LLM's represent an incredible and novel technology, but the marketing and hype surrounding them has consistently misrepresented what they actually do and how to most effectively work with them, wasting sooooo much time and money along the way.
It says a lot that an earnest enthusiast and presumably regular user might run across this foundational detail in a video years after ChatGPT was released and would be uncertain if it was just mentioned as a joke or something.
actually wait, is that's why LLMs are so wordy ?
If I find myself needing to ask a clarifying question, I always edit the previous message to ask the next question because the models seem to always force what they said in their clarification into further responses.
It's... odd... to find myself conditioned, by the LLM, to the proper manners of conditioning the LLM.
Not only that, but what you're actually "chatting to" is a fictional character in the theater document which the author LLM is improvising add-ons for. What you type is being secretly inserted as dialogue from a User character.
That's probably one of the best ways to describe the process, it really is exactly that. Monkey see, monkey do.
Having said that, a PleaseDontDoAnythingStupidEval would probably slow down agentic coding quite a bit and make it less effective given how reliant agents are on making and recovering from mistakes. The solution is probably sandboxes and permission controls to not let them do something overly stupid, no different from an intern.
Then we can apply the same (or similar) guardrails that we'd like to use for humans, to also control the AI behavior.
First, don't give them unsafe tools.

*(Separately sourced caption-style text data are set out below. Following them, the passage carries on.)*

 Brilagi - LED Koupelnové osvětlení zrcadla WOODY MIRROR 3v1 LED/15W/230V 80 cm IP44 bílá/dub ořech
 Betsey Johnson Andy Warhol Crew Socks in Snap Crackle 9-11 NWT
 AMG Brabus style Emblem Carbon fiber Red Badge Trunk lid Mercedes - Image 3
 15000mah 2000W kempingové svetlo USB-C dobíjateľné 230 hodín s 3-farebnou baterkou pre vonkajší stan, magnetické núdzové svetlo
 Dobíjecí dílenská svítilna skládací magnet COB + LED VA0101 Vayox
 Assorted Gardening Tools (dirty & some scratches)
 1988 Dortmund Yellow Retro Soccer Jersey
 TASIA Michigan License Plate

Sandbox them within a particular directory (honestly this should be how things work for most of your projects, especially since we pull code from the Internet), even if a lot of tools give you nothing in this regard. Use version control for changes, with the ability to roll back. Also have ample tests and code checks with actionable information on failures. Maybe even adversarial AIs that critique one another if problematic things are done, like one sub-task for implementation and another for code-review.

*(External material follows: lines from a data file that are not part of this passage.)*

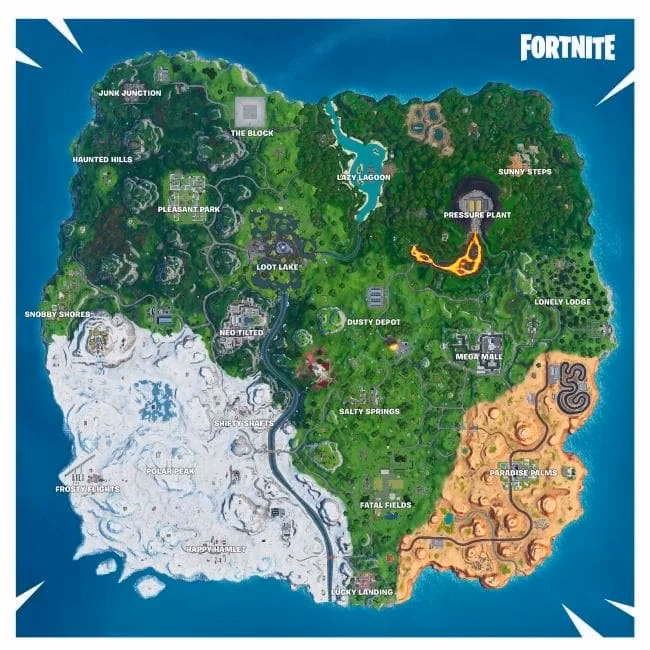 Does Fortnite have an interactive map?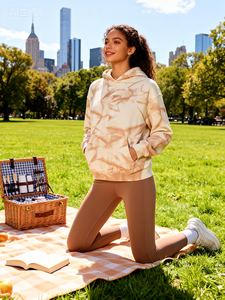 HuaYi GRS ve BSCI Sertifikalı Toptan %100 Pamuklu Grafik Baskılı Kapüşonlu Sweatshirtler Tie-Dye Özel Desen Sokak Giyim Tarzı ODM Erkek Kadın İçin - Product Image 3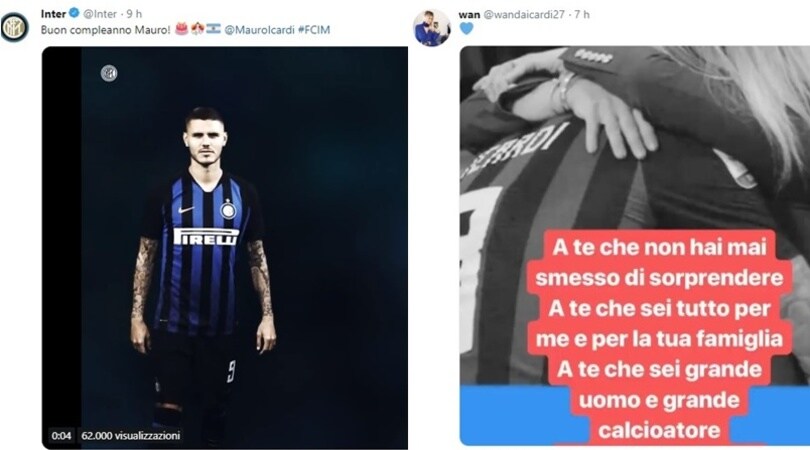 Buon compleanno Icardi, gli auguri di Wanda e dell'Inter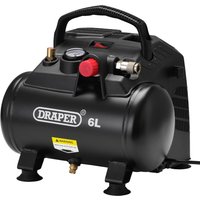 Draper DA6/180 Oil Free Air Compressor 6 Litre 240v Draper DA6/180 Oil Free Air Compressor 6 Litre 240v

Using AI tools has pushed me into that direction with some linter rules and prebuild scripts, to enforce more consistent code - since previously you'd have to tell coworkers not to do something (because ofc nobody would write/read some obtuse style guide) but AI can generate code 10x faster than people do, so having immediate feedback along the lines of "Vue component names must not differ from the file that you're importing from" or "There is a translation string X in the app code that doesn't show up in the translations file" or "Nesting depth inside of components shouldn't exceed X levels and length shouldn't exceed Y lines" or "Don't use Tailwind class names for colors, here's a branded list that you can use: X, Y, Z" in addition to a TypeScript linter setup with recommended rules and a bunch of stuff for back end code.
Ofc none of those fully eliminate all risks, but still seem like a sane thing to have, regardless if you use AI or not.

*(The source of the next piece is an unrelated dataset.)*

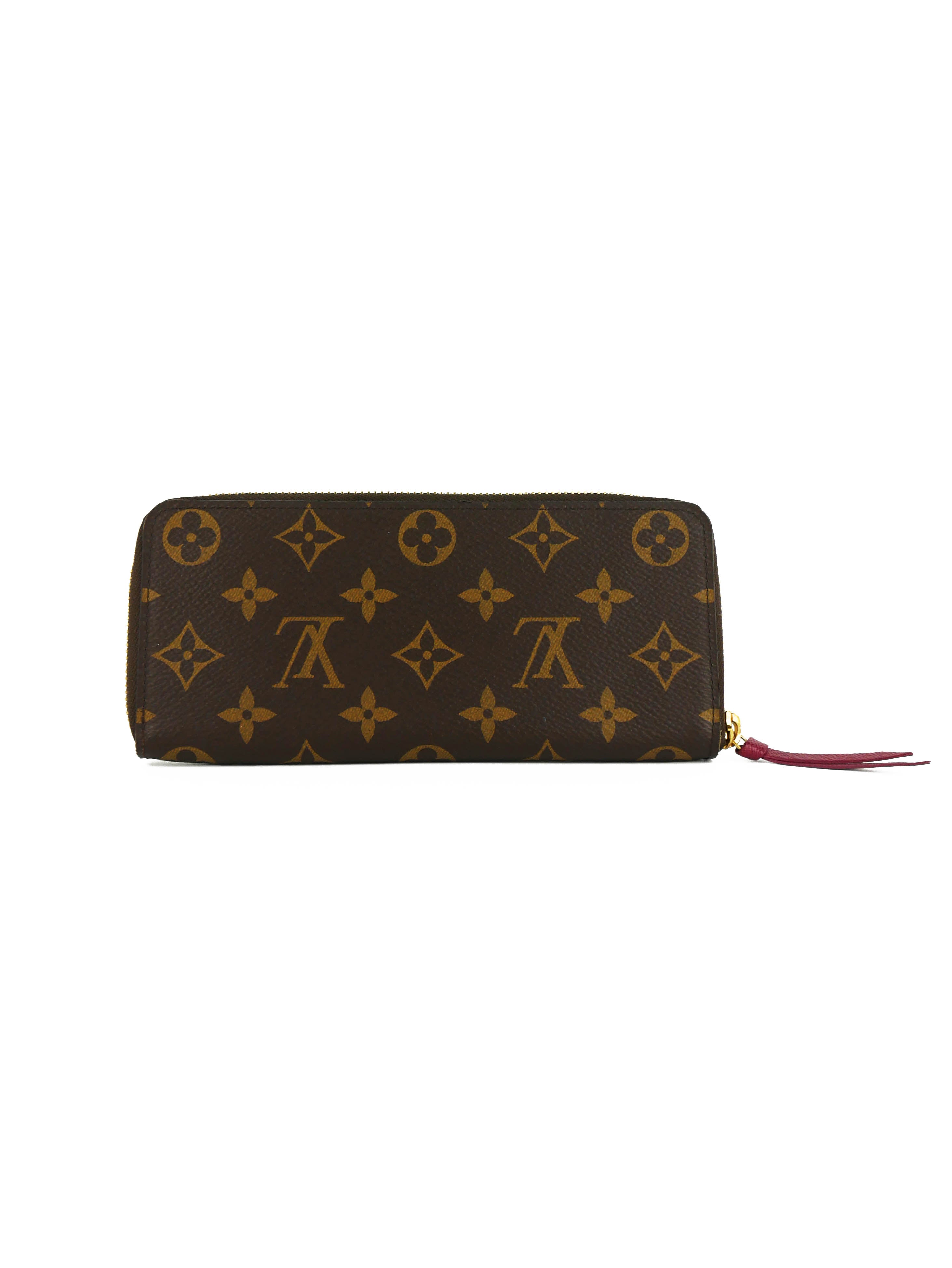 Authentic Louis Vuitton Fuchsia Clemence Wallet | Premium Leather Women's Wallet | Perfect for Everyday Use & Luxury Gift Giving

> but it does seem fairly obvious to me that directly automating things with AI will probably always have substantial risk and you have much more assurance, if you involve AI in the process, using it to develop a traditional automation.
Sure but the point is you use it when you don't have the same simple flow. Fixed coding for clear issues, fall back afterwards.
I find it useful to think of them like really detailed adventure games like Zork where you have to find the right phrasing.
"Pick up the thing", "grab the thing", "take the thing", etc.
I very carefully say "much less likely" and not "impossible" because with how these work, they'll still pick up subtle signals for these things anyhow. But, frankly, what do we expect from simply shoving Reddit probably more-or-less wholesale into the models? Yes, it has a lot of good data, but it also has rather a lot of behavior I'd like to cut out of my AI.
I hope someone out there is playing with using LLMs to vector-classify their input data, identifying things like the "passive-aggressive" portion of the resulting vector spaces, and trying to remove it from the input data entirely.
It's like saying "humans can't be thinking, their brains are just cells that transmit electric impulses". Maybe it's accidentally true that they can't think, but the premise doesn't necessarily logically lead to truth
For tasks that arent customer facing, LLMs rock. Human in the loop. Perfectly fine. But whenever I see AI interacting with someones customer directly I just get sort of anxious.
Big one I saw was a tool that ingested a humans report on a safety incident, adjusted them with an LLM, and then posted the result to an OHS incident log. 99% of the time its going to be fine, then someones going to die and the the log will have a recipe for spicy noodles in it, and someones going to jail.
Even if you have a very smart new hire, it would be irresponsible/reckless as a manager to just give them all the production keys after a once-over and say "here's some tasks I want done, I'll check back at the end of the day when I come back".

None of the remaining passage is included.